Die Mitglieder des Rates stammten überwiegend aus dem ortsansässigen Adel. Ihre Adelshöfe lagen – wie bereits erwähnt – in einem Halbkreis am Stadtrand nahe der Ringmauer. Sobernheims Einwohnerzahl in der frühen Neuzeit wird auf ca. 800 Personen geschätzt. Der größte Teil von ihnen lebte von der Landwirtschaft, dem Weinbau und der Viehzucht. Den zweitgrößten Anteil der Bevölkerung stellten die Handwerkerfamilien, welche sich bei genügender Anzahl in den einzelnen Berufssparten anfangs in Bruderschaften, später in Zünften zusammenschlossen. Eine weitere bedeutende Berufsgruppe bildeten die Händler. Der Sobernheimer Markt war bedeutend für das gesamte Umland. Noch heute erinnert das erhaltene offizielle Normalmaßeisen am Portal der Matthiaskirche an die „Sobernheimer Elle“. [Anm. 9]

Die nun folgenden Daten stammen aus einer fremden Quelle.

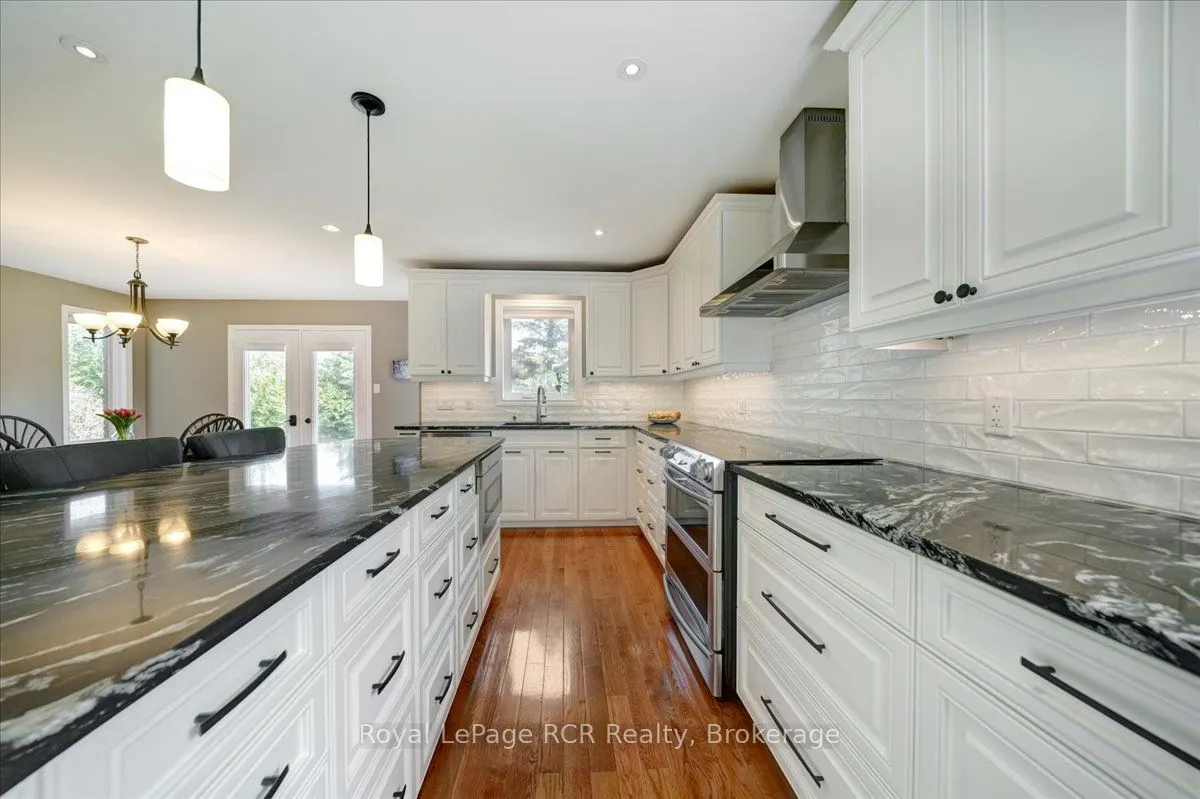 303 6th Avenue W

Infolge der Stadterhebung erlaubte der Mainzer Erzbischof die Ansiedlung von sogen. „landesherrlichen Schutzjuden“. Der älteste urkundliche Beleg stammt aus dem Jahre 1301. In der Regel waren es vier Haushalte. Sie besaßen einen Versammlungsraum, in dem sie ihre Gottesdienste feierten, ihre Versammlungen abhielten und die Jugendlichen im mosaischen Glauben unterrichteten. Das Haus, in dem sich der Betraum befand, wurde noch in einem 1616 verfassten Schriftstück als „alte Judenschule“ bezeichnet, obgleich zu dieser Zeit keine Juden mehr in Sobernheim wohnten und das Gebäude längst in den Besitz von Christen übergegangen war. [Anm. 10]

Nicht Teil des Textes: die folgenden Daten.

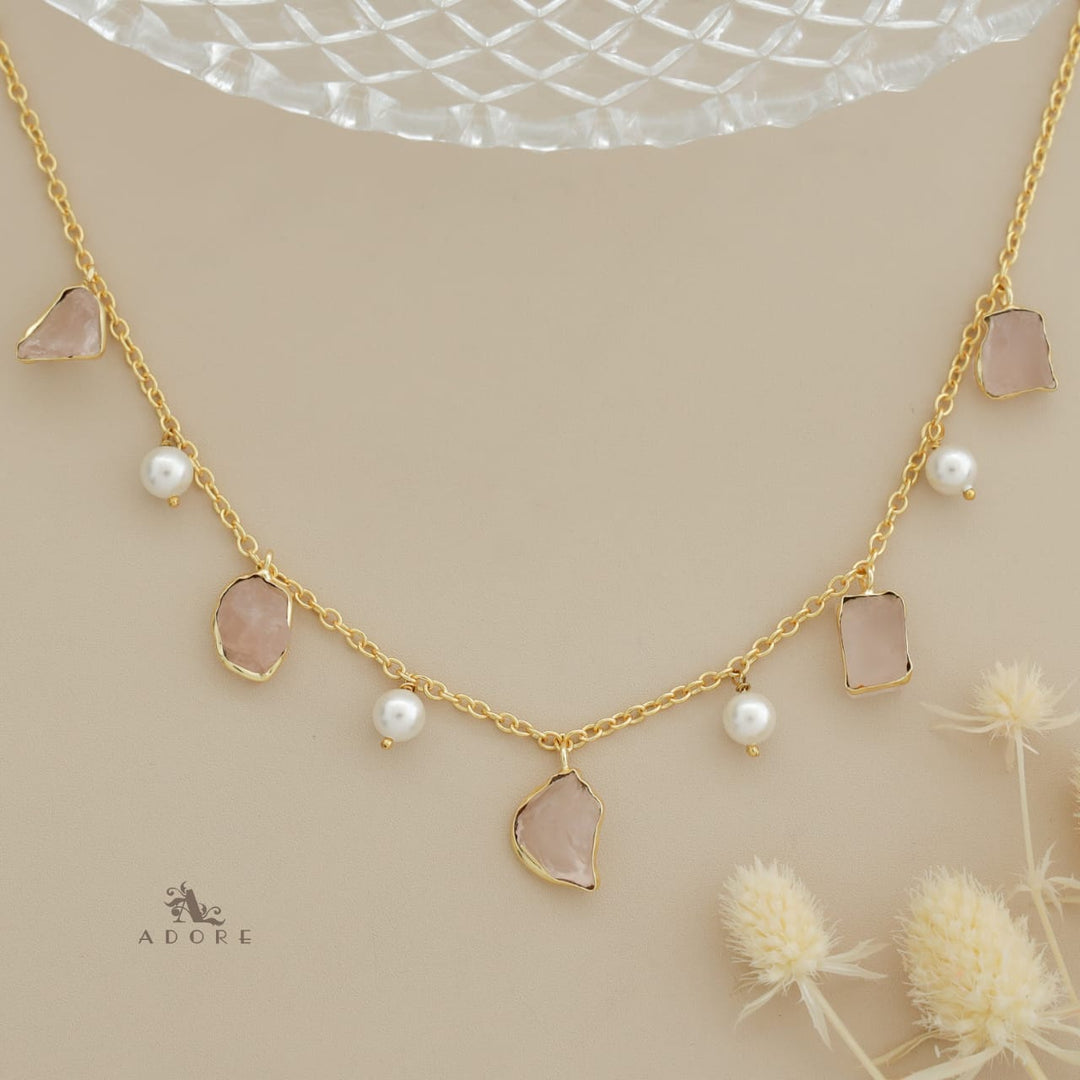 Mawar Raw Stone Pearl Neckpiece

Vor den Toren der Stadt lagen am Mühlenteich und den künstlich geschaffenen Wehren drei Mühlen. An der Straße nach Meddersheim wurde im Jahre 1426 eine steinerne Brücke mit sechs Bogen errichtet, die zum Teil mit Geldern eines päpstlichen Ablasses finanziert worden war. Nachdem aber die Nahe infolge eines Unwetters ihr Bett verlegt hatte, stand die Brücke im Trockenen und wurde 1876 abgerissen. [Anm. 11]
0.5.Veränderungen im Zeitalter der Reformation
In der Zeit der Reformation veränderten zwei Ereignisse das Schicksal der Stadt. Dies war zum Ersten der Wechsel der Landesherrschaft. Verursacht wurde dieser durch die Verpfändung des Böckelheimer Amtes in der sogenannten Mainzer Stiftsfehde an Herzog Ludwig I. den Schwarzen von Pfalz-Zweibrücken (1424-1489). Verpfändungen dieser Art gab es auch früher, doch diesmal gelang es den Mainzer Erzbischöfen nicht, ihr Amt wieder auszulösen. Vielmehr wurde der Pfandnehmer in einer kriegerischen Auseinandersetzung mit seinem Vetter, dem Kurfürsten Friedrich I. von der Pfalz (1425-1476) besiegt. Dieser belagerte 1471 Sobernheim und ließ sich nach kampfloser Einnahme der Stadt von Rat und Bürgern den Treueid leisten. Als neuer Landesherr versprach er, alle bisherigen städtischen Privilegien beizubehalten. Sein Nachfolger kaufte 1477 die Mainzer Burg am Stadtrand und gestattete ein Jahr später der Stadt, jeden Montag einen Wochenmarkt und drei Jahrmärkte abzuhalten. [Anm. 12]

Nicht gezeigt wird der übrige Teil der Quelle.